When there's a delay between the time your salesperson gets a signed contract with a customer and when the customer actually pays, some companies offer the salesperson advances on her commission payment. They pay the salesperson full or partial commissions before the sale is considered final. If the sale falls through, however, the company can deduct the advance commissions from future paychecks.
Why Give Advances?
Many salespeople find motivation in commissions. However, when the product or service they sell doesn't actually earn a commission until six months later, salespeople might lose some spark by not seeing the immediate gratification in their paychecks. Because of this, many companies choose to provide partial or full commission advances immediately. This also helps the salesperson calculate her expected income each month and keep money flowing in during seasonal market changes. When sales fall through later on, the salesperson no longer earned that commission, which means you must have a way of deducting the amount of the advances from base salaries.
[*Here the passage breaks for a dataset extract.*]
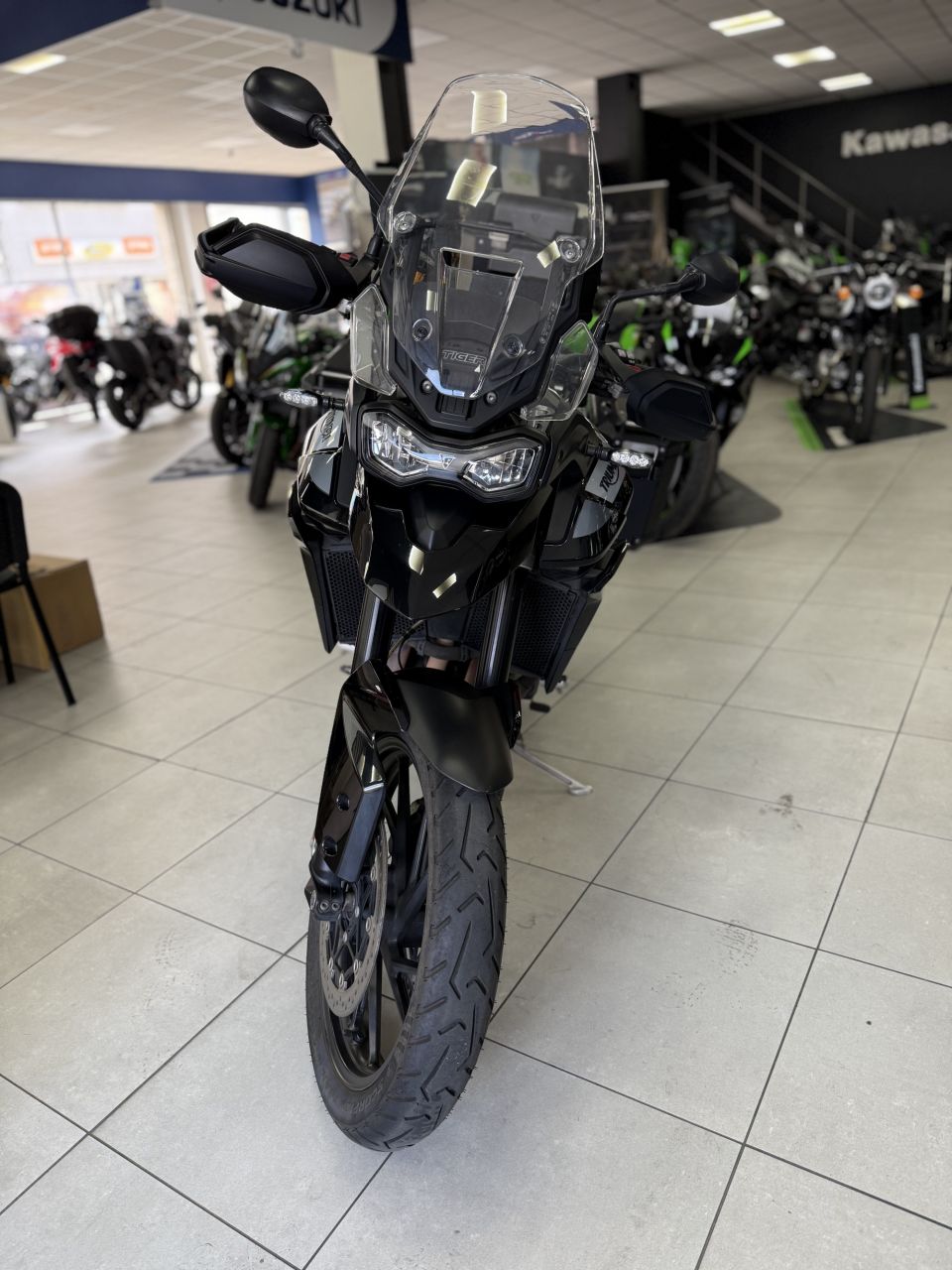 TRIUMPH Tiger 900 GT 27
When you offer advances to salespeople, explain the conditions clearly and on paper, then get the employees to sign stating they understand and agree to the conditions. Give the time frame or conditions that make a sale final. For example, if the entire amount due must be paid in full within three months of the original transaction date, spell that out. Any commissions paid to the salesperson before the sale is final should be called "advances" so there's no confusion as to whether the payments should be considered wages. When the sale is final and the commission is earned, the commission is then taxable as wages. Advances typically are not taxable until the commission is considered earned. If a sale falls through, state in the commission contract that employees agree to have advance commission payments automatically deducted from future wages. Also, spell out any duties expected of the salesperson to ensure the sale ends up complete, such as troubleshooting problems for the customer or calling to collect payments during a specific time frame.
Pay Taxes Later
To keep deductions of previous commission advances neat and clean, deduct the same amount you advanced the salesperson from his base salary. Taxes aren't due on commissions until they're earned. This means when you pay an advance, you can pay 100 percent of the amount. When the commission is earned, you take out taxes on that amount, even if it's months after the commission was paid. To deduct advances, subtract the exact amount of the commission from the employee's base salary so there's no question of what was paid and what was subtracted, and there's no concern about overpaying or underpaying income taxes.
Deductions in Writing
When you must deduct commission advances from a salesperson's salary, put everything in writing. It's never a good idea to hand someone a paycheck that's less than he expects without explanation. Instead, include a letter with the paycheck that states which sale fell through, when the original advance was given, and how much was deducted from the current paycheck. Provide as much detail as possible. For example, suppose you notified the salesperson three times about non-payment by the customer, but the salesperson never followed up. Include that information -- along with dates and the manner of notification, such as email -- and refer back to the signed agreement that states it's the salesperson's job to complete the sale. This helps protect you from legal action. In some states, you can't deduct earned wages, so make it clear throughout the process that you're deducting an advance, not earned wages.